Politics, not patronage, is the root of a problem in New Port Richey, where an archaic rule allowed a citizens panel to usurp City Manager Gerald Seeber's authority.
The city's civil service board, hearing an appeal for the first time in 14 years, recently reversed the firing of a public works employee who had been arrested and accused of possessing a controlled substance. The worker later acknowledged during his appeal hearing that he smoked marijuana on his lunch break.
The issue is not the severity of the punishment, but rather the policy implementing it. The city's drug-free workplace program prohibits possession or use of illegal substances on the job. Violators are subject to immediate dismissal.
Turns out, it doesn't matter. Under the current city code, the civil service board's ruling is final. That system needs to change. An appointed board with no accountability should not be allowed to supersede the city manager, who answers to the City Council.
The employee's appeal is being played out with the city's campaign season as the backdrop. The civil service board is chaired by Robert Moore, a candidate for City Council in the April 10 election. Moore is critical of Seeber's management and said he will consider the idea of disbanding the city manager form of government if he is elected. It is an ill-conceived idea and one that shouldn't be advanced through the civil service board.

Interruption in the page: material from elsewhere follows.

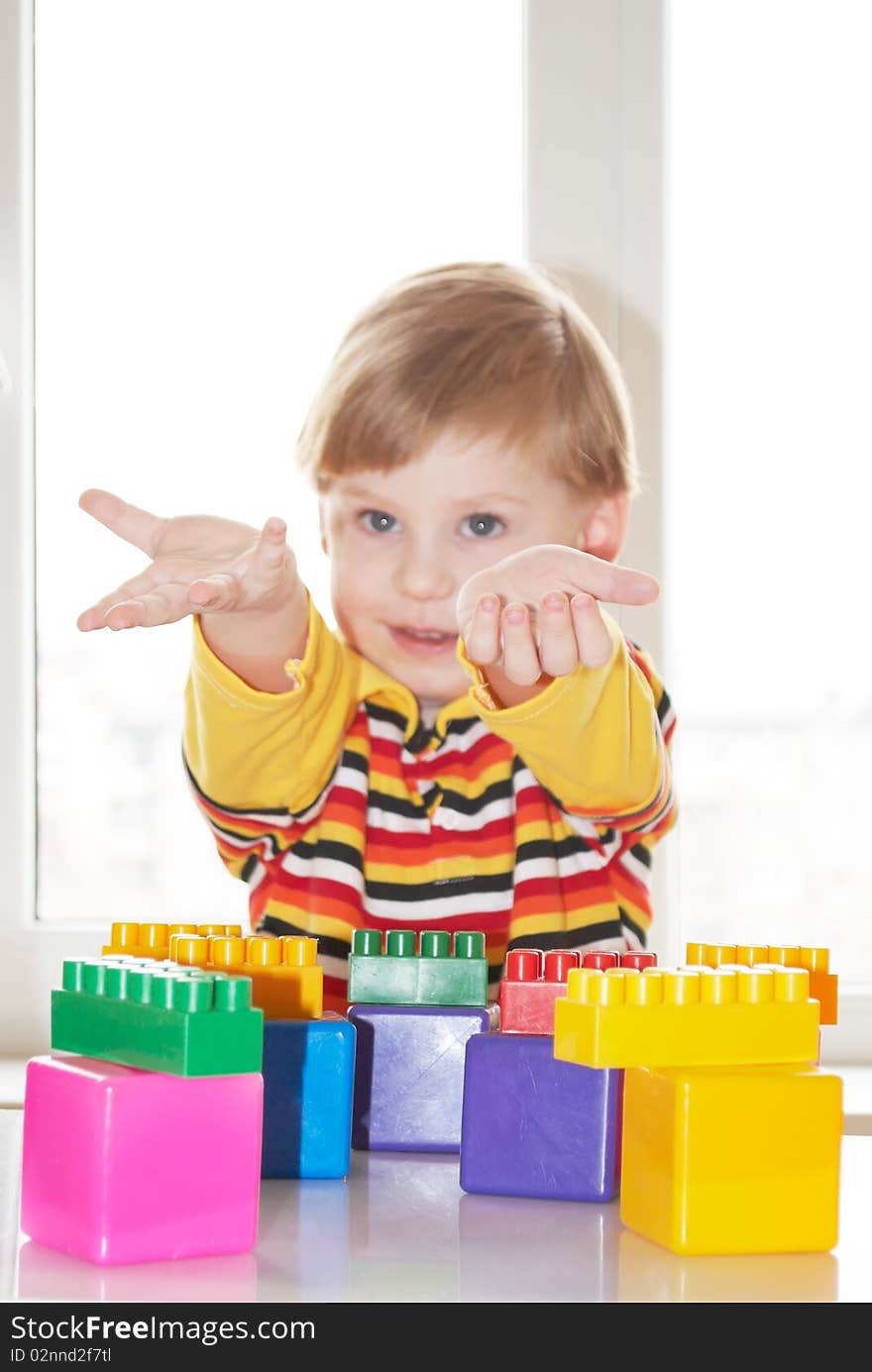 The beautiful little boy poses on a light background. The beautiful little boy poses on a light background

A citizens group that endorsed Moore suggests the civil service board is vital to protect city employees. Hardly. City managers in Dade City and Zephyrhills, for instance, are the final authority on employee discipline in those cities. New Port Richey needs a similar policy, and the City Council is scheduled to consider one tonight.
Under a new proposal, the council would disband the civil service board and allow the city manager to assume responsibility for employee discipline. Options include allowing department heads to hand out punishment with appeals to the city manager and a third-party arbitrator; or allowing a citizens committee to hear the appeal and make a recommendation to the city manager who would retain final authority. Either is preferable to the current format.
Critics are wrong to portray the plan as a power play by the city administration. More accurately, it is an attempt to rewrite an inappropriate policy that allows board members to act with neither consequences to themselves nor regard for long-term ramifications to the city.